WHAT YOU HAVE TO DO:
Exactly the lines from the one with "待售: $749,999 (4 贝兹, 3 浴室, 2211 平方英尺)" through the final line of the entries, and nothing else, should appear in the answer; no pictures go in it.

RECORDS TO USE:
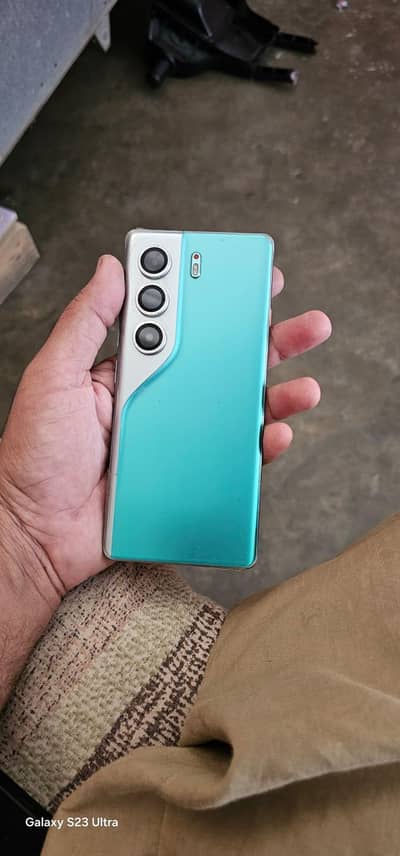 Tecno CAMON 40 Pro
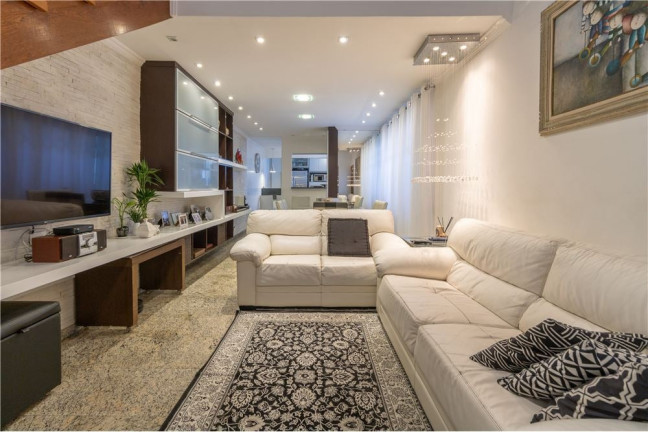 Imagem Casa com 4 Quartos à Venda, em Penha De França - São Paulo Imagem Casa com 4 Quartos à Venda, em Penha De França - São Paulo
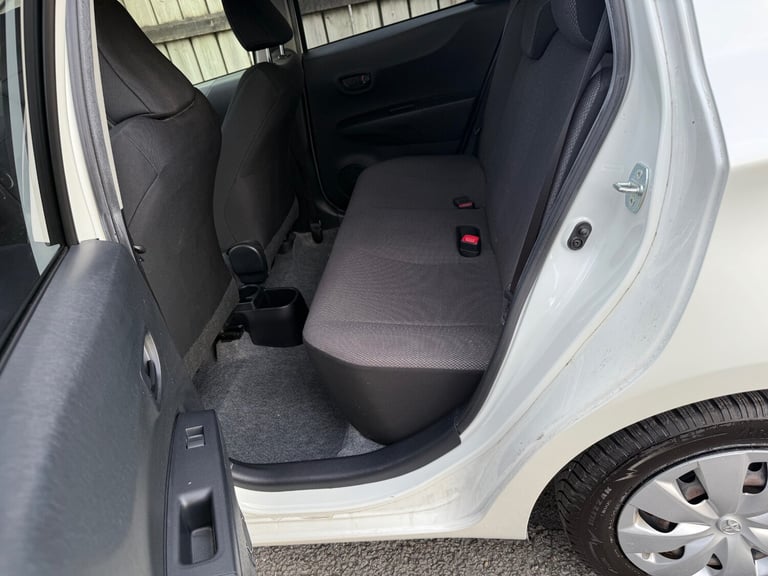 TOYOTA YARIS Active Auto ULEZ Low Milage
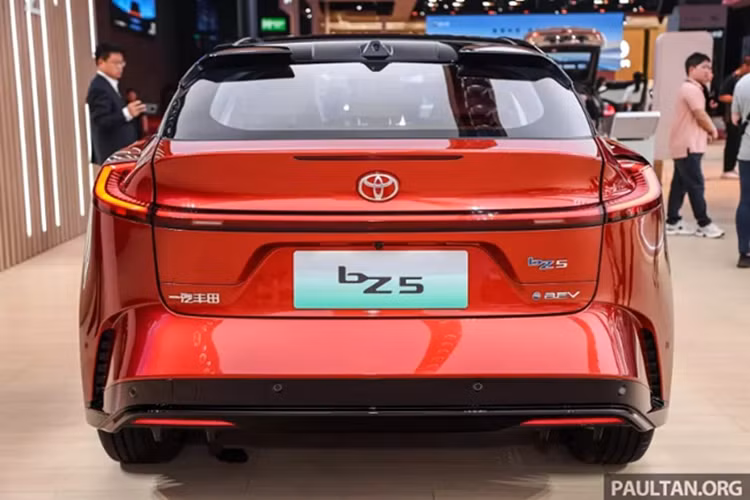 Các đường gân dọc thân xe được nhấn mạnh hơn nhằm tăng hiệu ứng thị giác về độ năng động. Mâm xe kích thước lớn 21 inch, thiết kế 7 chấu cách điệu, đi kèm lốp 225/45R21, là chi tiết nổi bật, mang đến vẻ ngoài chắc chắn và bề thế cho bZ5.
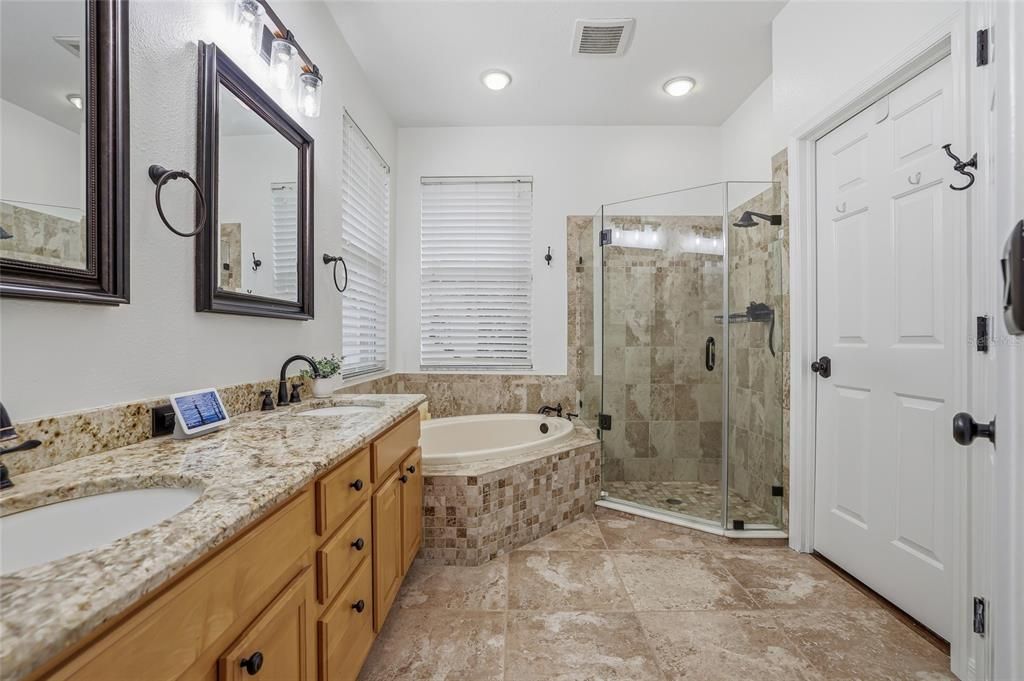 待售: $749,999 (4 贝兹, 3 浴室, 2211 平方英尺)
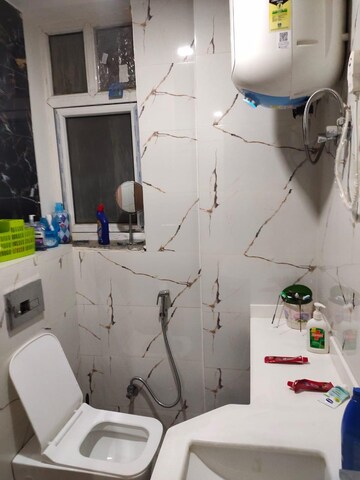 Master Bedroom in 3 BHK Apartment at Rohit Height, Gomti Nagar – for Rent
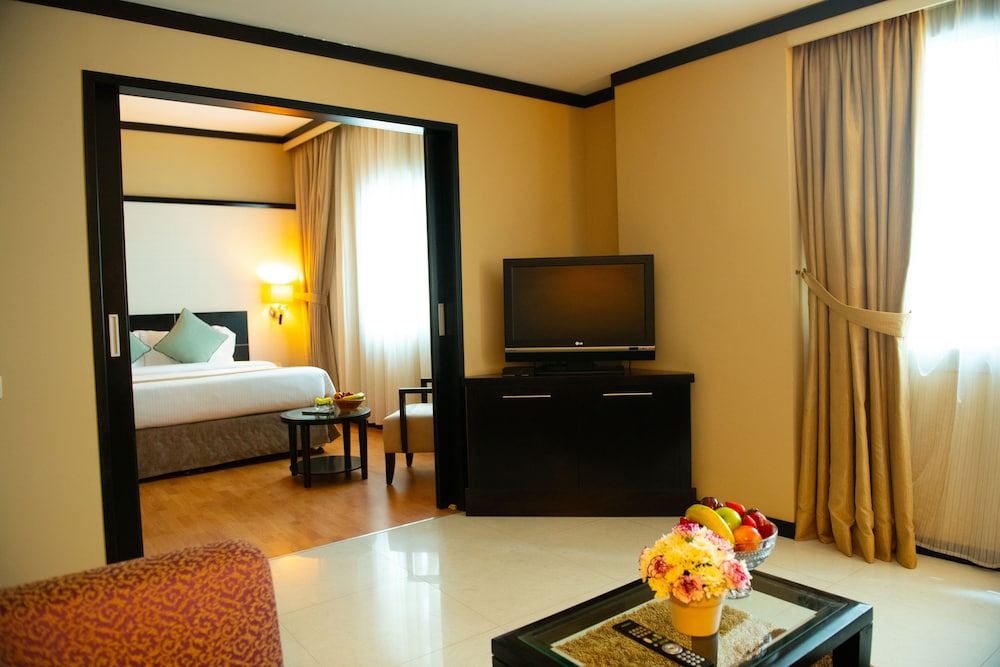 Grandeur Hotel 12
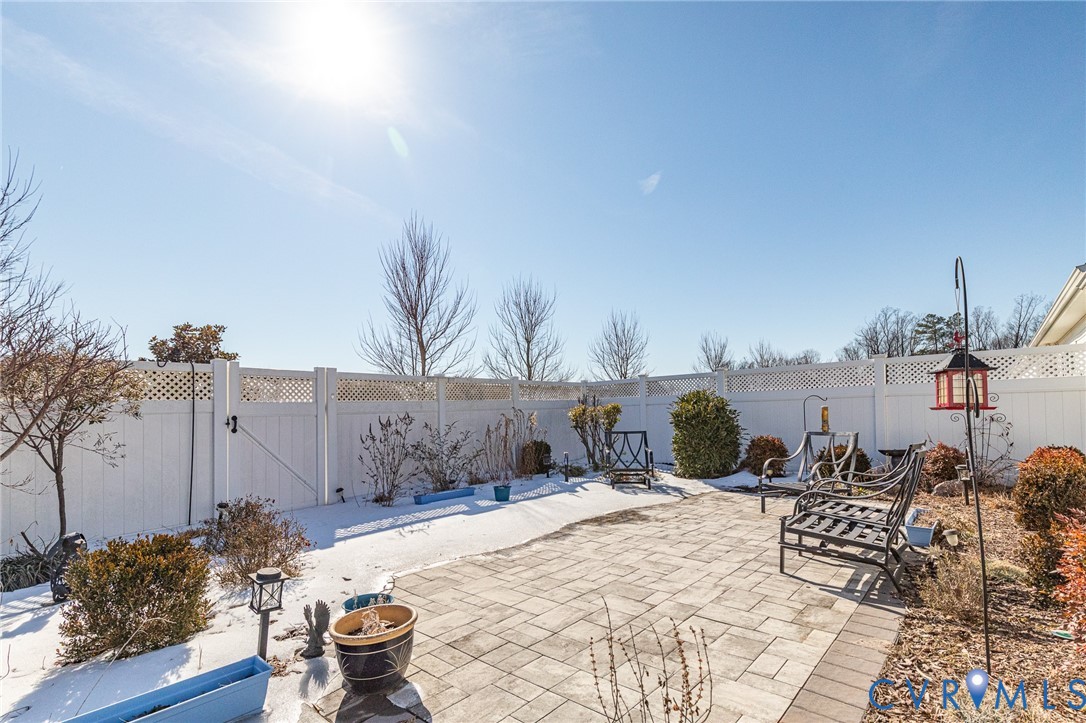 7401 Leaf Fall Way Mechanicsville, VA 23111 - Photo 32 of 48 a outdoor space with lots of palm trees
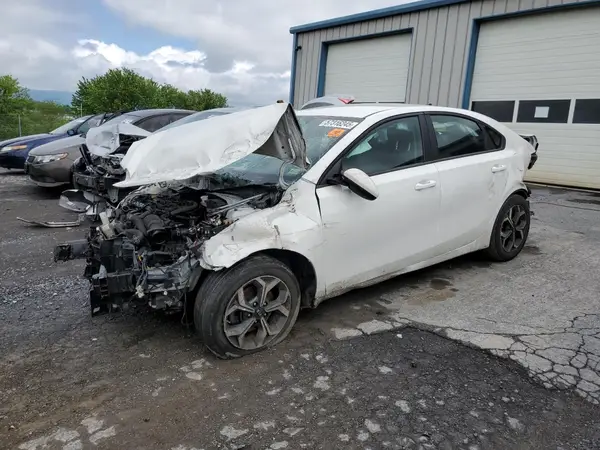 3KPF24AD1ME386356 2021 KIA FORTE - Image 1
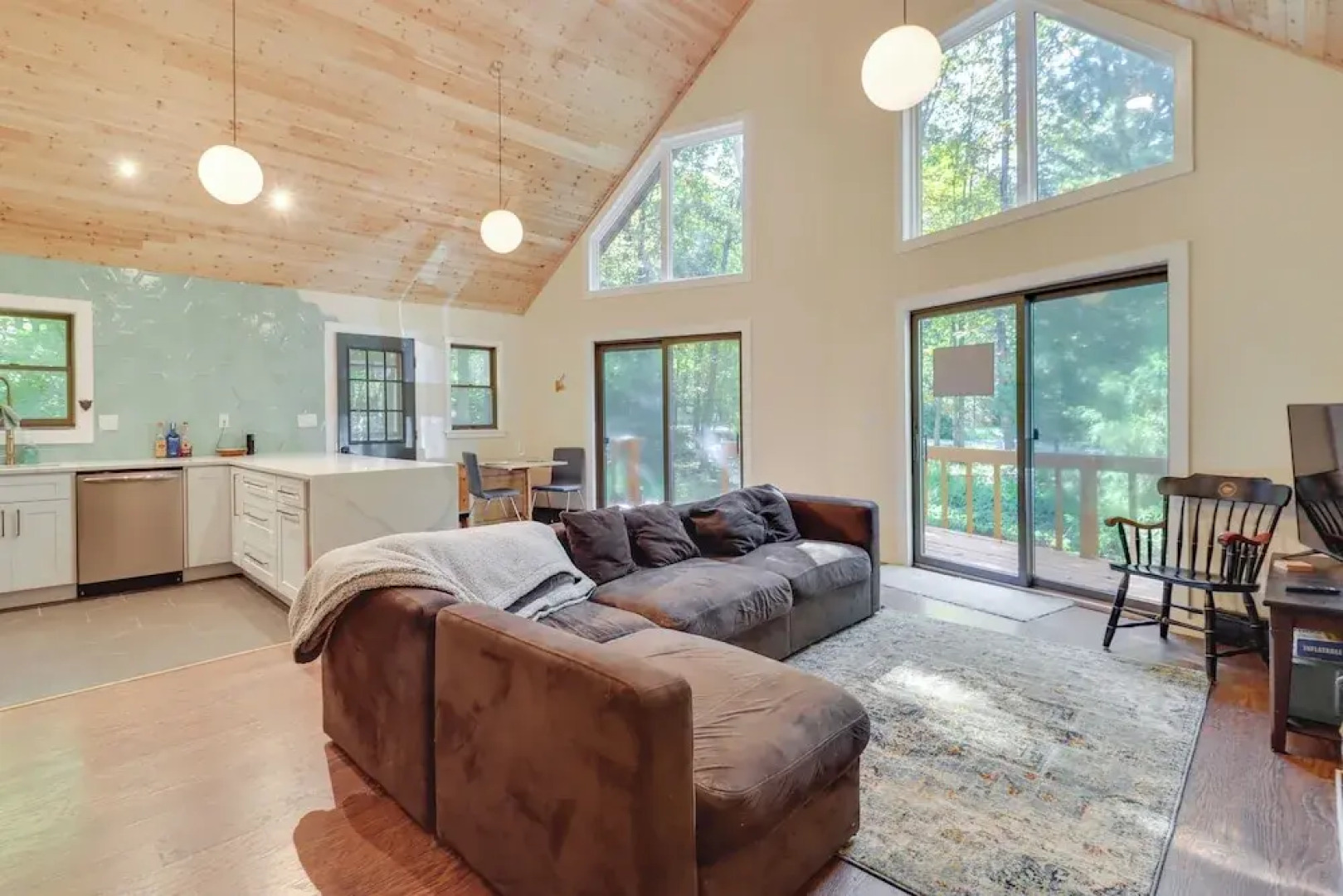 Community Beach Access: Modern Poconos Cabin!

SOLUTION:
 待售: $749,999 (4 贝兹, 3 浴室, 2211 平方英尺)
 Master Bedroom in 3 BHK Apartment at Rohit Height, Gomti Nagar – for Rent
 Grandeur Hotel 12
 7401 Leaf Fall Way Mechanicsville, VA 23111 - Photo 32 of 48 a outdoor space with lots of palm trees
 3KPF24AD1ME386356 2021 KIA FORTE - Image 1
 Community Beach Access: Modern Poconos Cabin!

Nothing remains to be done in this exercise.